Public disruption is impossible to ignore. Those caught up in it experience it and feel it. The initial response is often anger towards the protestors. Others see it in headlines and on social media. This is evident from the regular “swarming” roadblocks XR activists in Cambridge have been carrying out over the last few weeks. On 5th February, articles covering XR occupied the top two most-read slots on the Cambridge Independent website (see right). Note that the second story is in regard to a planned week-long roadblock. We have also had a flurry of media requests from the likes of Cambridge News, Cambridge Independent, BBC Radio Cambridge.

Similarly, after some recent swarming actions we have seen a large increase in website traffic (see below).
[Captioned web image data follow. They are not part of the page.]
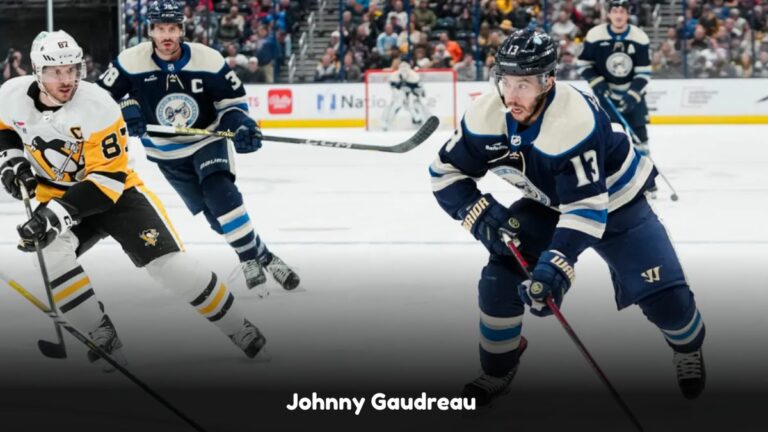 Johnny Gaudreau Death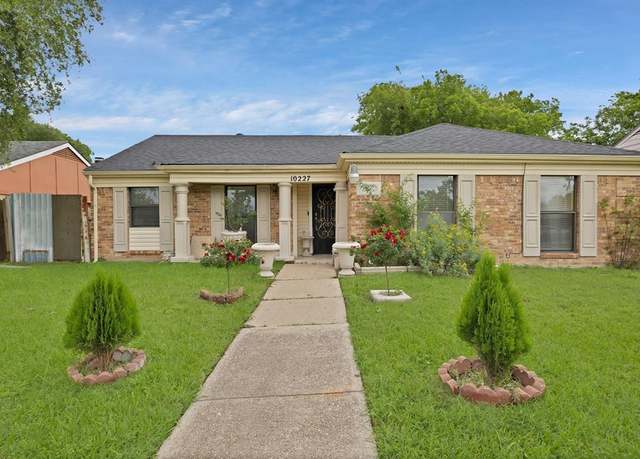 Property at 10227 Oak Gate Ln, Dallas, TX 75217, 3 beds, 2 baths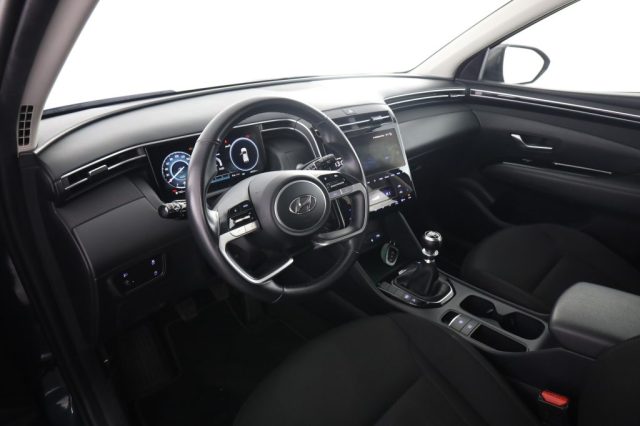 HYUNDAI Tucson usata 1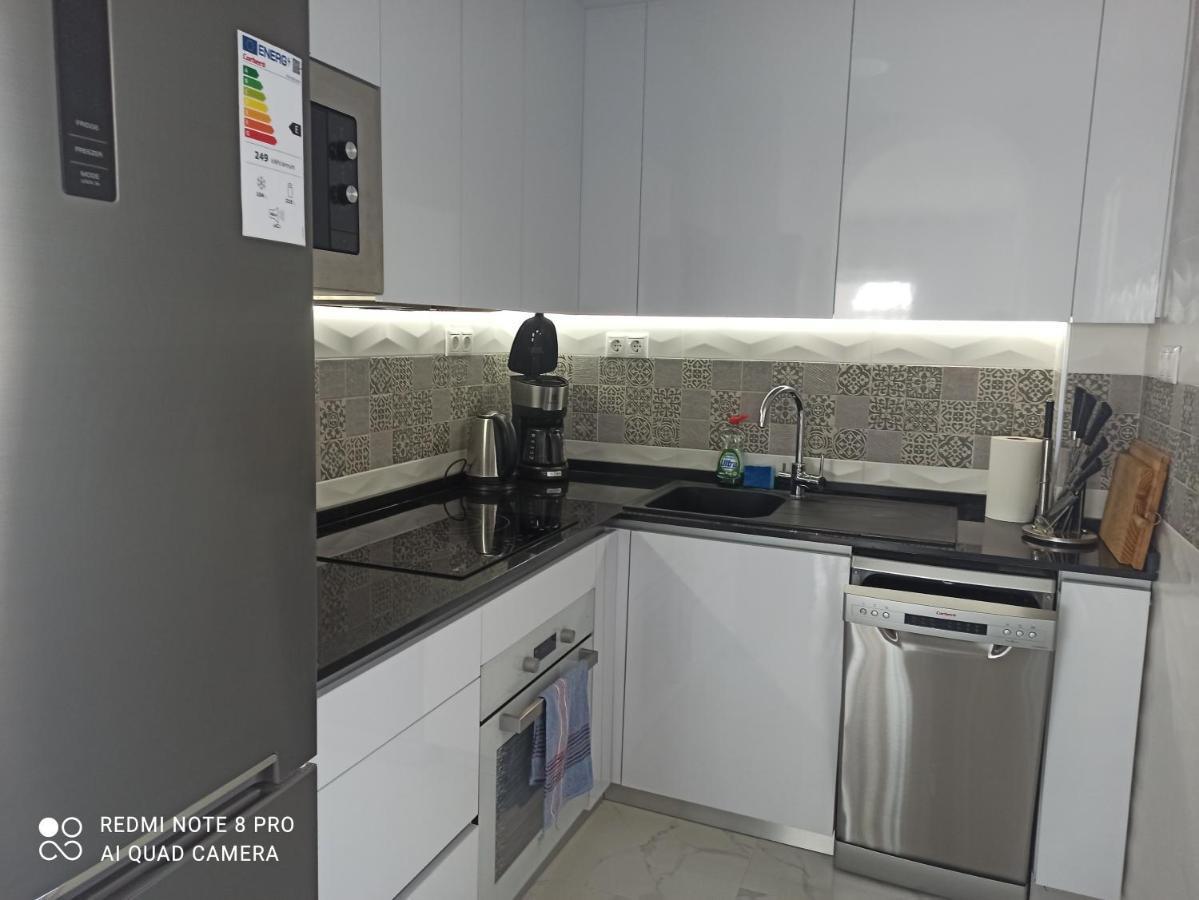 Villa Susana 또레비에하 외부 사진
On Wednesday 22nd January, we received 2,251 site visits; by contrast, our highest number of daily visits in December 2019 was 52. Since we stepped up our disruptive action in Cambridge, our site visits frequently hit the mid-hundreds, usually coinciding with our actions. Here in Cambridge, this provides a platform for our more targeted disruption at institutions such as oil and gas company Schlumberger and allows us to expose the university’s and local institutions’ contribution to the climate emergency.

Similarly, think back to the April’s International Rebellion, which in the UK consisted of five major roadblocks in London, which lasted just under two weeks. This dominated headlines across the UK and transformed public opinion in regards to the climate and environmental emergency. While highly targeted actions have proved ineffective in getting the issue of climate breakdown high up the agenda, 71% of the British public now think climate change is a more pressing issue than Brexit, according to a ComRes poll. Google searches for “climate change” spiked enormously on April 15 when the XR protests began and search performance for this term remains strong (see below). At the same time, the government is at least pretending to take the issue seriously and the Labour Party placed the climate and environmental emergency at the centre of its manifesto in the 2019 General Election, including a net zero target of 2030. Whatever your politics, this would have been unthinkable a year earlier.

Public disruption seems to be having an effect and is producing tangible results in the right direction. Compare this with the October Rebellion, when disruption targeted around Westminster, which had little impact on the general public, drew little attention from the media until the police crackdown on protesters in the second week.

The aim of Extinction Rebellion is not to make everybody join us, or even to like us. Most of us don’t want to upset people and – just the same as anyone else – we would like to be liked. Greta Thunberg says “This is all wrong. I shouldn’t be up here. I should be back in school on the other side of the ocean, yet you all come to us young people for hope. How dare you?” We feel the same. We shouldn’t be standing in roads, risking arrest, jeopardising our jobs and our security. But the priority however is not being popular but applying sufficient pressure that politicians have no choice but to enact radical, rapid system change to limit global temperature rises to 1.5 degrees above pre-industrial levels. Under current policies, we are on track for 2.8 - 3.2 degrees of warming above pre-industrial levels. Pledges limit this to 2.5 - 2.8 degrees. We are falling off a cliff. The action we are taking is our last chance to avert the collapse of the biosphere and our human societies along with it.